--- ENTRIES PROVIDED ---
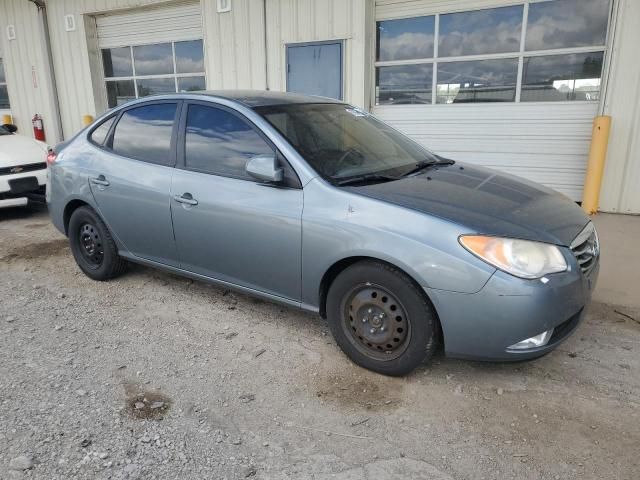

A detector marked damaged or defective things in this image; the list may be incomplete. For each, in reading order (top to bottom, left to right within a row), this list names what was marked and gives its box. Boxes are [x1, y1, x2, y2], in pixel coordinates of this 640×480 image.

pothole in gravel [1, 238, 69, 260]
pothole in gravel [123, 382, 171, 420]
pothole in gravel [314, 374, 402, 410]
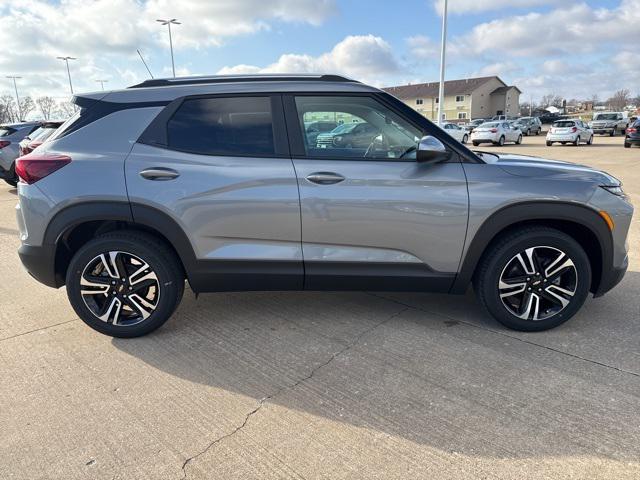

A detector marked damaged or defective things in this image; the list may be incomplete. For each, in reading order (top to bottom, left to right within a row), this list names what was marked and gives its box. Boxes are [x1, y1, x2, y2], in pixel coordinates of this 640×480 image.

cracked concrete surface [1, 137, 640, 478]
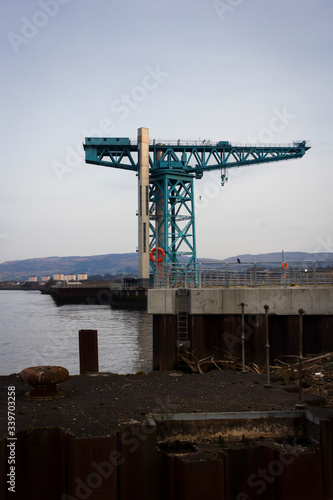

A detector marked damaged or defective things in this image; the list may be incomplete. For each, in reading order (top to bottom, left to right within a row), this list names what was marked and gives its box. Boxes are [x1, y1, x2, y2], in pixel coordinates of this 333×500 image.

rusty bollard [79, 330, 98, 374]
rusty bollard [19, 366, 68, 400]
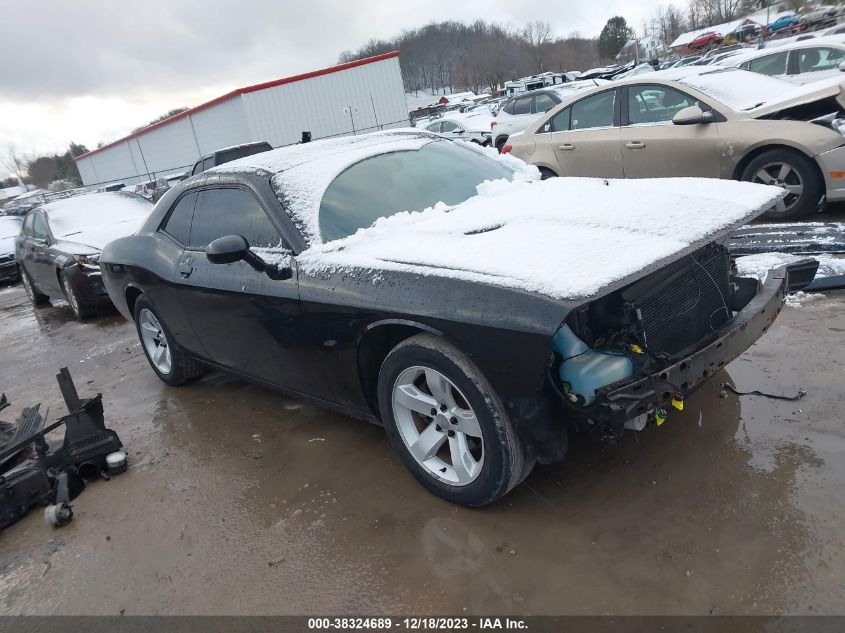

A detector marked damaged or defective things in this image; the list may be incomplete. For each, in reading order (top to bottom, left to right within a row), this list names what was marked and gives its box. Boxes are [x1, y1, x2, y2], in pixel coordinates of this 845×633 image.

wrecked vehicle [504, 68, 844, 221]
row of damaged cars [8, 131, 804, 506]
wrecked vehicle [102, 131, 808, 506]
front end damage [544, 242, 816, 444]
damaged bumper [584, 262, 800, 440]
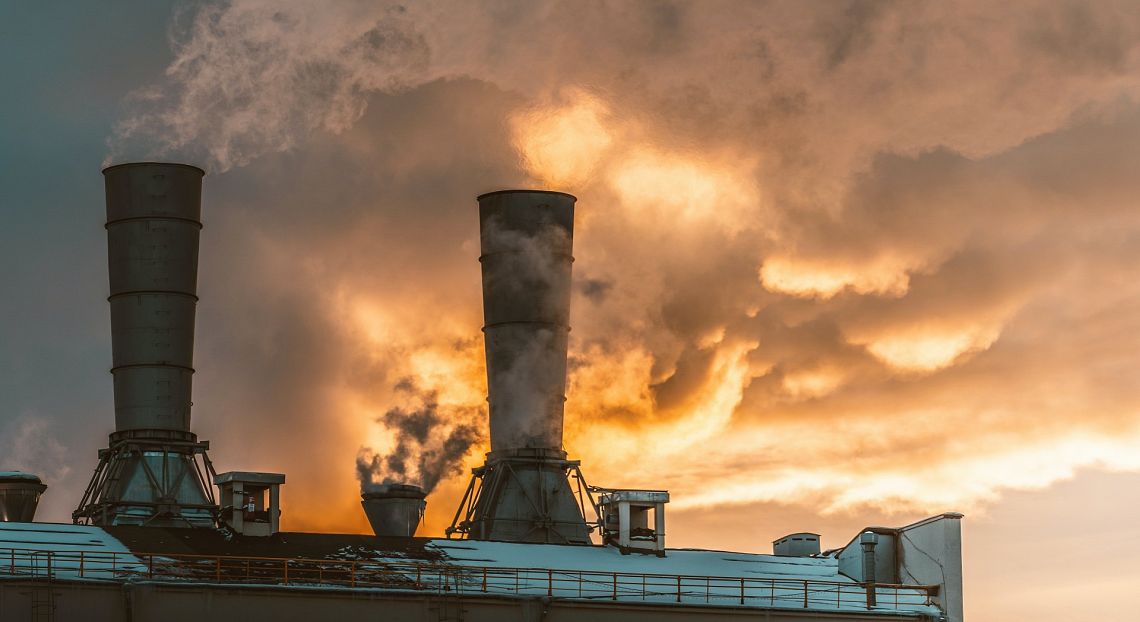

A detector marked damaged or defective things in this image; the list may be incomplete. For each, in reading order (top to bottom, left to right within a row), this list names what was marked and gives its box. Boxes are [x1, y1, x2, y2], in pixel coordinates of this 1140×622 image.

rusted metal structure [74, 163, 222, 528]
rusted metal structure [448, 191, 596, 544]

--- PROBLEM DESCRIPTION ---
Transcribe the material exactly, leaving every picture out.

--- EXERCISE RESULT ---
A detector marked damaged or defective things in this image; the list may be incomplete. For each, in reading order (top to bottom, left to right within a row), this list names what was marked and gives its box. Boxes are [x1, y1, x2, y2], in pixel coordinates of this 640×480 image.

pothole in gravel [1, 238, 69, 260]
pothole in gravel [123, 382, 171, 420]
pothole in gravel [314, 374, 402, 410]

A detector marked damaged or defective things in this image; the list may be incomplete. For each, in reading order (top to bottom, left to right within a row), this list names what was marked and gives its box. Boxes are [x1, y1, x2, y2], in pixel coordinates of this 640×480 image.

cracked concrete surface [1, 137, 640, 478]

A detector marked damaged or defective things in this image; the list may be incomplete. For each, in reading order (top to bottom, left to right within a row), this list names what was marked and gives its box. Boxes are [x1, y1, x2, y2], in pixel coordinates of this 333×500 image.

rusty bollard [79, 330, 98, 374]
rusty bollard [19, 366, 68, 400]

A detector marked damaged or defective things in this image; the list may be incomplete. For each, in reading order (top to bottom, left to right within a row), this list names what was marked and gives its box. Boxes are [x1, y1, x2, y2], in pixel coordinates of this 845×633 image.

wrecked vehicle [504, 68, 844, 221]
row of damaged cars [8, 131, 804, 506]
wrecked vehicle [102, 131, 808, 506]
front end damage [544, 242, 816, 444]
damaged bumper [584, 262, 800, 440]

A detector marked damaged or defective things in this image; the list may be incomplete. For each, in reading order (top to bottom, left to right within a row), this list names what was marked and gives its box. Boxes are [x1, y1, x2, y2], in pixel coordinates of this 1140×622 image.

rusted metal structure [74, 163, 222, 528]
rusted metal structure [448, 191, 596, 544]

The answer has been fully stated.